When I turned 18, I decided to get baptized and had a vision of the way my life was going to be if I continued the way I was. Long story short, it was what most people call an epiphany. I called it a realization from God. Either way, there was a man that I finally noticed. A man that when I met him God told me he was going to be my husband but at 16, I wasn’t listening to God. I was looking for a specific person that fit the mold of my prince charming.
I remember when I met him, it was at my first day of work at my first job ever. McDonalds is where I met him and we worked there together for the next 4 years, When I started he was already there 2 weeks and was working the headset and speaking to clients through drive-thru.
I remember he looked at me and I saw him at the window. He was 14 and I was 16 and so to me he was a cute little boy. Then God told me, “He is your husband”. I remember I told God in my mind, no way! He’s cute but he’s too young for me. I introduced myself to him while clocking in one day, and wanted to be his friend. So I talked to him about his broken arm. He didn’t want to tell me how it broke but he did. He was playing football with a friend on a trampoline.
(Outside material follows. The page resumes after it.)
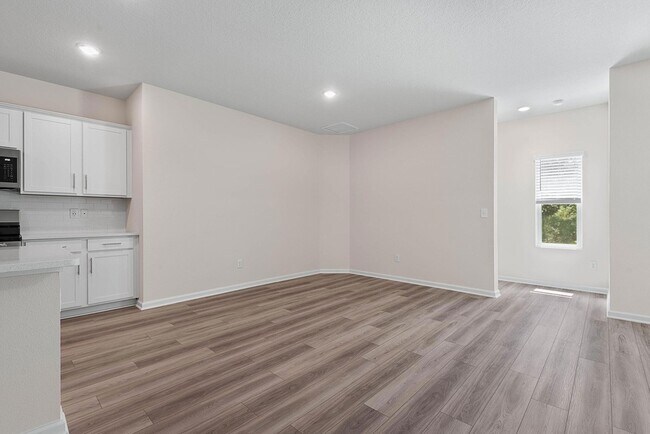 Building Photo - 46 Poplar Dr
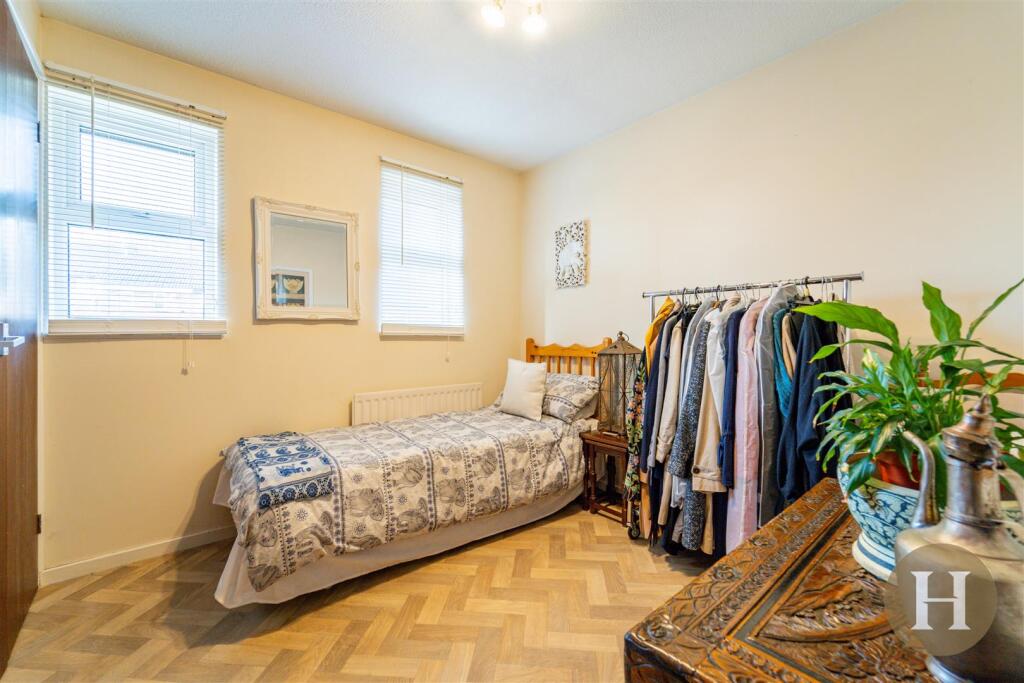 Additional property image - Fredas Grove, Harborne, Birmingham, B17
To this day we thank his friend because if he didn’t break my husband’s arm I would’ve never had anything to talk to him about when we met.
As the months passed, My husband grew older, I dated boys and he dated also. Eventually I noticed that he liked me. I could tell because he paid attention to me a way no other boy did. He planned to hang out with me and we watch so many movies together. He would have me over so much and we would argue at McDonalds all day. Of course I grew fond of him and flirted with him any chance I got but I never considered him as a boyfriend.
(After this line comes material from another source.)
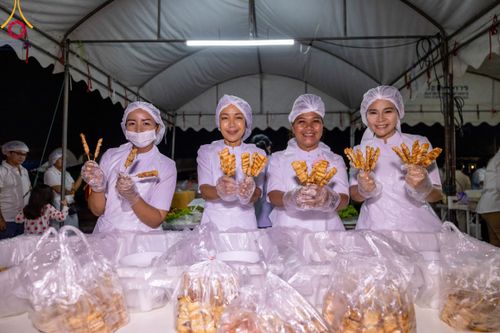 ภาพ No.116233:พิธีถวายภัตตาหารเป็นสังฆทาน แด่คณะพระธรรมยาตรา ปีที่ 12 วันที่ 21 มกราคม พ.ศ. 2567 ณ วัดโบสถ์(บน) บางคูเวียง จ.นนทบุรี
Eventually, I cared for him but I denied loving him and that we were to be together. I wanted to choose my own destiny. To admit what I wanted is embarrassing but funny. As an 18 year old girl I wanted to be with an Asian man, and have asian children because I thought they were the cutest. I tried so hard to achieve that fantasy but it didn’t work.
After I ended it with my last boyfriend. My husband found out after I told the youth group I went to that he attended also. It was as if our friendship was restored and we forgave each other for our mistakes (my husbands side of the story is interesting also). He never asked me out. Even when I admitted I liked him. He never did. He didn’t have the guts.
Until one day.
One day I was to meet my husband’s sister at church and was to hang out with her. Their mom didn’t want me to walk at night all the way to the church from my house. Coincidentally, my husband had gotten off of work and McDonalds was downtown and so his mom forced him to walk me the rest of the way to the church. I was so nervous to see him. We haven’t spoken in days.
It wasn’t until that day that I realized that I hurt him. I hurt this man bad.